SPOILER WARNING: All events that have occurred in the TV show are fair game. I have read the books but I will not go any further beyond small hints that only fellow book-readers will catch on to. You’ve been warned.

Note: Because it can be hard to keep all the names and faces straight, the first mention of each character contains a link to a picture of them which will open in a new tab.

Things were different this season. There really was no “Ned,” a central character for the viewer to grab on to, and as such, there really wasn’t a central story arc for us to stash all our hopes and dreams in (only to have them crushed, or, you know, sliced off).

Sure, the beginning of last season was confusing. We all know that every time we recommend “Game of Thrones” to a friend, it’s with the caveat that they’re going to have to fight through the cacophony of misunderstanding that is the first few episodes. All these issues we’re amplified in Season Two, when not only do we have a bucket load of characters (the largest cast on television), but all in different places. Seriously, name a location other than King’s Landing where more than two major characters reside. It can’t be done. And as if that wasn’t enough, the show decided (well, needed) to throw even more characters and locations at us.

It certainly makes for a manageable format for blog posts, but in different hands, the second season of “Game of Thrones” could have been a catastrophic failure. So let’s get a round of applause for showrunners David Benioff and D.B. Weiss, and of course, the cast, namely Peter Dinklage and Alfie Allen, who are headed for Emmy nominations or my name’s Aloysius, and it’s not. I mean that sincerely; whether you’re in a cubicle or your living room wearing your polka dot boxers, I want all of you to get up out of your chairs. I want you to get up right now and go to the window. Open it, stick your head out and yell, “I’m mad as hell and I can’t go another year without ‘Game of Thrones‘!”

Think of how ballsy it is, when upwards of ten locations could be present in any given show, to have an entire episode devoted to just one (“Blackwater”), leaving the finale to somehow wrap up every other story line. Amazingly, “Game of Thrones” was able to do it, everything else it had to, and so much more.

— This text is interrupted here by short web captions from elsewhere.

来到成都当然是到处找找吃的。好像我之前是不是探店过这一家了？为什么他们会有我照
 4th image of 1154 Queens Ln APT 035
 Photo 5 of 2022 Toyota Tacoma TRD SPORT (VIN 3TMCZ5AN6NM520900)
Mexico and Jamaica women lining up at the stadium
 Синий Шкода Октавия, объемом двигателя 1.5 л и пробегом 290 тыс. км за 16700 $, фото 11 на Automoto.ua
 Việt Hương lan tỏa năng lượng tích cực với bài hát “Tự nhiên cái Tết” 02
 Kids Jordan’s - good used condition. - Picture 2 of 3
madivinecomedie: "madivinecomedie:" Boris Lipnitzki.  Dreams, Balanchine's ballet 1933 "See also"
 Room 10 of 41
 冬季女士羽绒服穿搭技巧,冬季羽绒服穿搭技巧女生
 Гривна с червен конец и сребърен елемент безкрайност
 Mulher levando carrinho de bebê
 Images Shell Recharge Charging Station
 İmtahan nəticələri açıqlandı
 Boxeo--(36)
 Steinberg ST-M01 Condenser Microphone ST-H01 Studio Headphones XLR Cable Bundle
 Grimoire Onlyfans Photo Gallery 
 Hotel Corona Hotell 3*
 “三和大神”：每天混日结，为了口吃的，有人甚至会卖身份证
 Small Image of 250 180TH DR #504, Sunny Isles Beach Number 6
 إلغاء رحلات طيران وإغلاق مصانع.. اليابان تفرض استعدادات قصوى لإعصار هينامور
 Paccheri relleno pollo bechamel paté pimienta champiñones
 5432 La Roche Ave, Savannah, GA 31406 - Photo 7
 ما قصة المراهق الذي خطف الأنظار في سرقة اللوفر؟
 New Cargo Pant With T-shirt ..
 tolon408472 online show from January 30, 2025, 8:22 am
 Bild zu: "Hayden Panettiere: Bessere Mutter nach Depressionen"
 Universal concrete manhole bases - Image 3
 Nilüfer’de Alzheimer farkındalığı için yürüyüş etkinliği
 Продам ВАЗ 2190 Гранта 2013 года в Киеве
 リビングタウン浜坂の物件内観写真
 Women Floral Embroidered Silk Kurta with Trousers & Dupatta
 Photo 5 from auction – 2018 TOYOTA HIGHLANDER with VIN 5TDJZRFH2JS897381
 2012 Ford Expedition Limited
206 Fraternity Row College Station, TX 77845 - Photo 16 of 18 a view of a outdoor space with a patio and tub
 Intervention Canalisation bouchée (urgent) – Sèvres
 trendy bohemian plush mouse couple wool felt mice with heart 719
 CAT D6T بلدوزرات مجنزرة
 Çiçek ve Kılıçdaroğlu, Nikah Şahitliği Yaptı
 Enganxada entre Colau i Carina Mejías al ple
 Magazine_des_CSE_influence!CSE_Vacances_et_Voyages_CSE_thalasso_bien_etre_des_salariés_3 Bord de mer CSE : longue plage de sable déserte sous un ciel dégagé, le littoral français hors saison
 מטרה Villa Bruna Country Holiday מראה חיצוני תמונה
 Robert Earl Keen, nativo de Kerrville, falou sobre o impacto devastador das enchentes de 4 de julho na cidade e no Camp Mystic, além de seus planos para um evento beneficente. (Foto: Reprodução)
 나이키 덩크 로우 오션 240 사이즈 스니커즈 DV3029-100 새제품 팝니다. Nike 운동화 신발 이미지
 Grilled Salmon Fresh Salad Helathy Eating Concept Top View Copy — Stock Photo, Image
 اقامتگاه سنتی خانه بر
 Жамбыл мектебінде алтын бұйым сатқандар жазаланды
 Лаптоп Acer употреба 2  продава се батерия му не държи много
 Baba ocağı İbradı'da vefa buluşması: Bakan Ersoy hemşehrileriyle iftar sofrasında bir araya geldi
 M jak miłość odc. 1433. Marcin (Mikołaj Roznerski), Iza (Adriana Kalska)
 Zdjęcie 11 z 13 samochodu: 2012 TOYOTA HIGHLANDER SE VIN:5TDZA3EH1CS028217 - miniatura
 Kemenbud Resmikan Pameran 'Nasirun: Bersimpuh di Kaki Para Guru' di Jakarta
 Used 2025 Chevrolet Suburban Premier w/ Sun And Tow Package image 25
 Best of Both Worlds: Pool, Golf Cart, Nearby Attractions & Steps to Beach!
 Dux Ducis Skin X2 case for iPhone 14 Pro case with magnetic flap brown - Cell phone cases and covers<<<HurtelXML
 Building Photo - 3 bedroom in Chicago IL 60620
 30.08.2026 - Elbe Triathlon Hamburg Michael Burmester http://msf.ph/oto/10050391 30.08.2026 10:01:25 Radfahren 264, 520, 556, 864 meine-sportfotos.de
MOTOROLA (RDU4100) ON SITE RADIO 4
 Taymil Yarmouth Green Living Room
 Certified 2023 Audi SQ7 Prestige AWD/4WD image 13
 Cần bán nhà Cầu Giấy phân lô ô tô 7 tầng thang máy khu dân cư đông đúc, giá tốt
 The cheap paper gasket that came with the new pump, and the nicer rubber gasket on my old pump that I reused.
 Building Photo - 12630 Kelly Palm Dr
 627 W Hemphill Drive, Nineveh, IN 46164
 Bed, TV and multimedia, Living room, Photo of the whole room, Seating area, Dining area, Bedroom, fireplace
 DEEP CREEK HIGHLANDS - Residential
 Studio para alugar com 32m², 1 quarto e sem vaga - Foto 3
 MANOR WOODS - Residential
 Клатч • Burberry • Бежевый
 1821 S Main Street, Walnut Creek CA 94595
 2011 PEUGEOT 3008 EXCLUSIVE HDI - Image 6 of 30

Now, back to that manageable blog post format, where I’ll discuss the three best (or my three favorite) character and thematic developments of the season.

Arya the Ruthless, Tywin the Old Softy

Out of necessity, Season Two diverged from the books a great deal more than the first season did. Some changes couldn’t be helped, and a slight few were questionable, but most breathed new life into the source material. Perhaps the best and brightest example of this is Arya serving as a cupbearer for Lord Tywin rather than Roose Bolton, one of her brother Robb’s bannermen.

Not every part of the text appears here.